Eight years seems a long time for a highish mileage vehicle, particularly as higher mileage BEVs achieve cost parity with ICE much sooner. So far, the used van market has absorbed the relatively low range used vans available with strong RVs being achieved in the last couple of years, however I agree that RVs become far more uncertain with older vehicles.

I'm assuming you are talking commercials. With battery warranties extending out to eight years, fewer moving parts, better maintenance (lower), then the mileage almost becomes irrelevant and eight years could work if funders were willing to do that.

How do you see the activity between fleets and local authorities to support the switch for essential vehicles users, so they have the ability to charge an EV at home which is the lowest cost and most eco-friendly, when the majority of these type of drivers don’t have a driveway and rely on parking their vehicle on the street?

Local authority and fleets need to collaborate in order to solve this issue. What I think the authority lack is visibility of fleet operators and what they are planning. We are based in a large city, but our vehicles are not. They are spread across a lot of authorities. How can we get them on board, how can we tell them we want to deploy X amount of electric vehicles into their area? There needs to be some form of authority forum when fleet operators can submit future plans.

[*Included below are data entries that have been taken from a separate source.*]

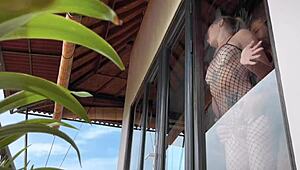 فتاة ساخنة في شبكات سمك منحنية لجنس سريع خشن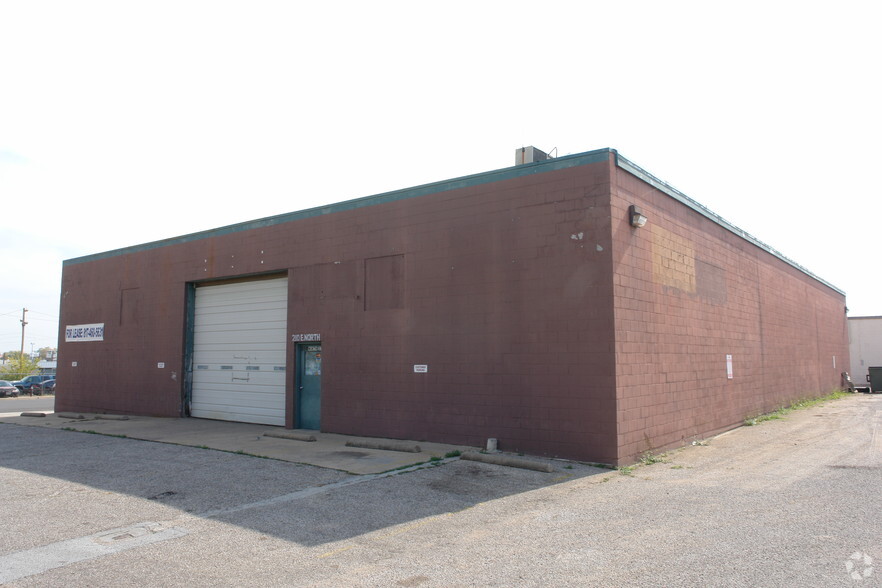 210 E North St, Arlington, TX for sale - Building Photo - Image 1 of 1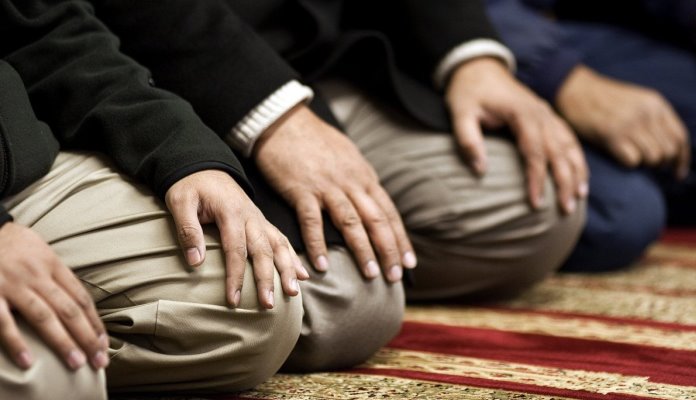namaz-dzamija.jpg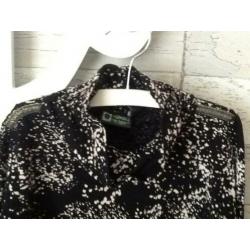 Tumble "N Dry Shirtje (zwart met printjes) mt. 116 (B27A)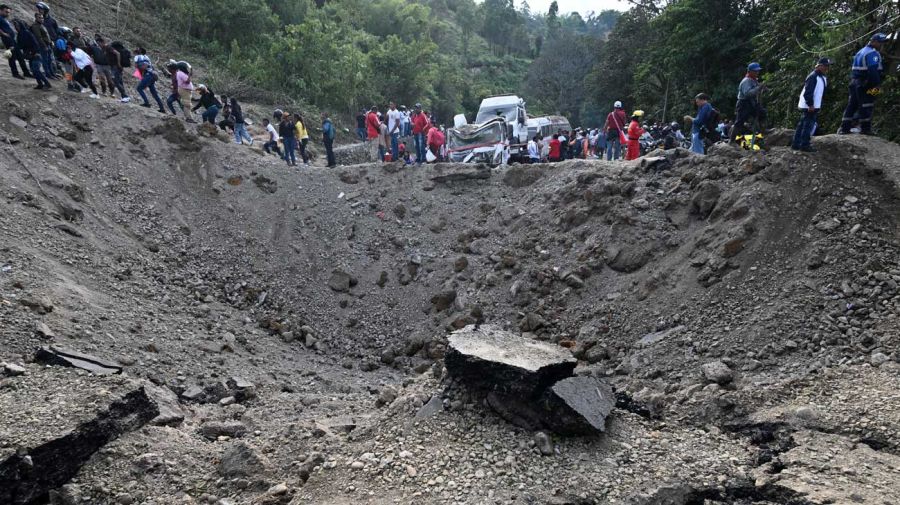 Enorme cráter en la vía Panamericana, Cauca, Colombia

Agree, we are supporting local authorities apply for ORCS funding.

We currently allow our drivers to use company vehicles for private use alongside business. How is this handled with electricity and charging?

The most straightforward way is to pay the 4p AER for business use. It is possible to have the home charge point energy use monitored if a particular supplier is chosen for home installations. Then it’s a case of allocating costs between private and business mileage as per a fuel card. One to discuss with a couple of suppliers and see how this could work.

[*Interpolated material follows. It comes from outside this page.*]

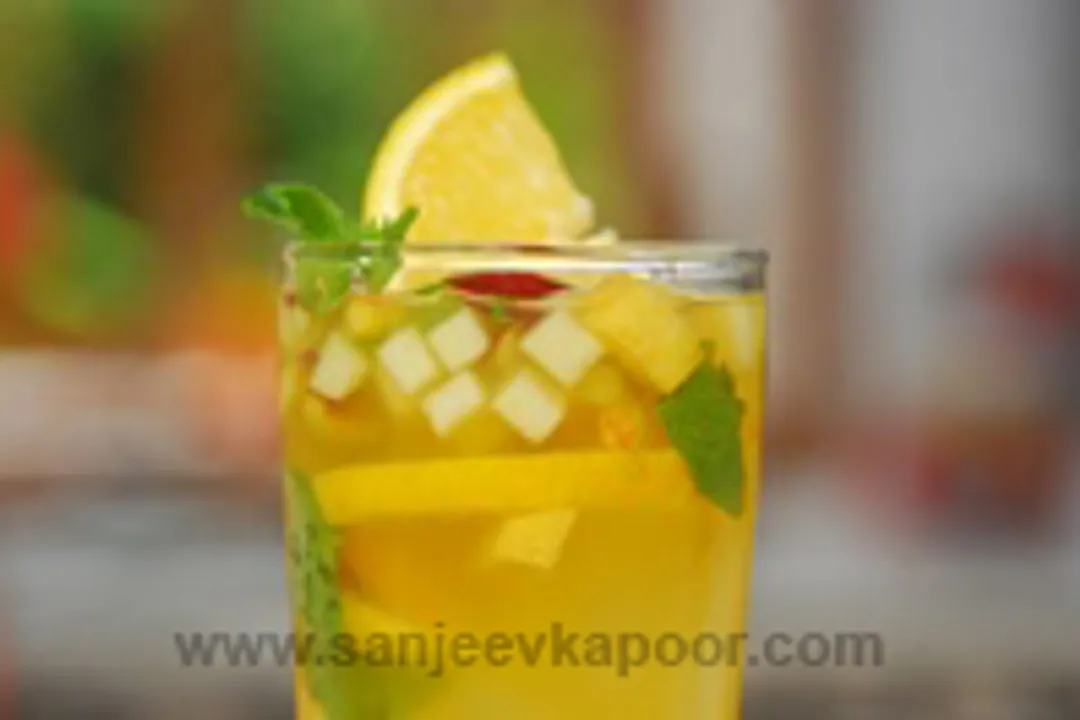 Green Fruity Iced Tea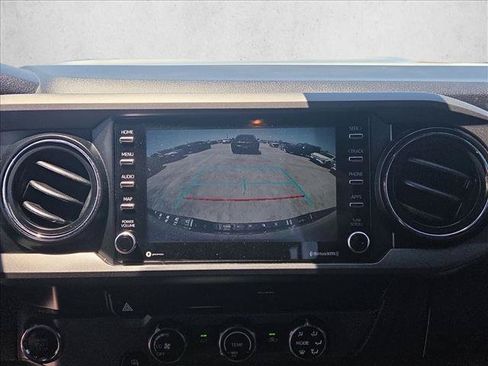 Used 2020 Toyota Tacoma TRD Sport w/ Technology Package RWD image 13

We don't treat this any differently to how we do currently with fuel and mileage reimbursement on diesels.

Do electric vehicles need less servicing than ICE vehicles and does this affect the TCO?

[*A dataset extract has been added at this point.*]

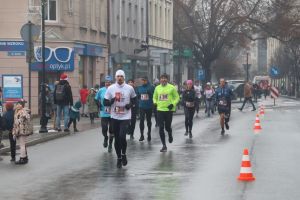 VIII Bieg im. Bohaterów Powstania Wielkopolskiego - zdjęcie 045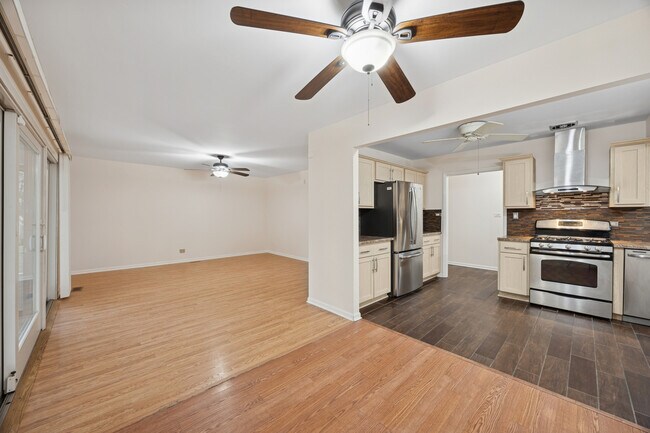 Foto del edificio - 21W225 Coronet Rd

For our current electric fleet, we have found they still need a yearly service. However, the parts element is reduced for obvious reasons. We have found tyres are getting excessive wear vs the ICE vehicles. 

An EV’s engine has 20 moving parts compared to 2,000 in an ICE (internal combustion engine) so your RV will need a lot less maintenance. For sure you still need brakes/tyres and it is a little early to tell how different these are, but data will become available in next months as we start to see early EV take-up starting to need services. Also, a lot of EVs don’t need a service early on unlike an ICE - e.g. no oil/filter change.

Yes, user experiences report lower maintenance costs and reduced brake wear due to use of regenerative braking particularly for vehicles driven in urban areas.

Yes - a lot less, so that is why you really need to consider the whole cost of the vehicle.

It would be interesting to gauge your thoughts on residual values and have you any data on realised residual values to support your views? What will Audi be doing to help maintain the RVs on e-tron product?

This is a well published area for the whole industry to focus on. As a brand, Audi are yet to see significant volumes of three-year-old vehicles return to the market. This will start to change in the next 18 months.

We are busy preparing our network focusing on ensuring we have the knowledge to correctly re-furbish vehicles and ensuing our sales teams are confident about discussing the technology with prospective customers - this work is ongoing and something we are investing heavily in.

Are any organisations looking at investing in charging infrastructure in staff car parks for employees, and how this links with overall power needs?

In the past organisations made a token point of installing one/two suppliers. Prior to Covid, sites were often seeing the need for slow chargers – 7kW - as most drivers had PHEVs. Now with the update of EVs, a more long-term review of this a priority as there is no ICE safeguard like a PHEV.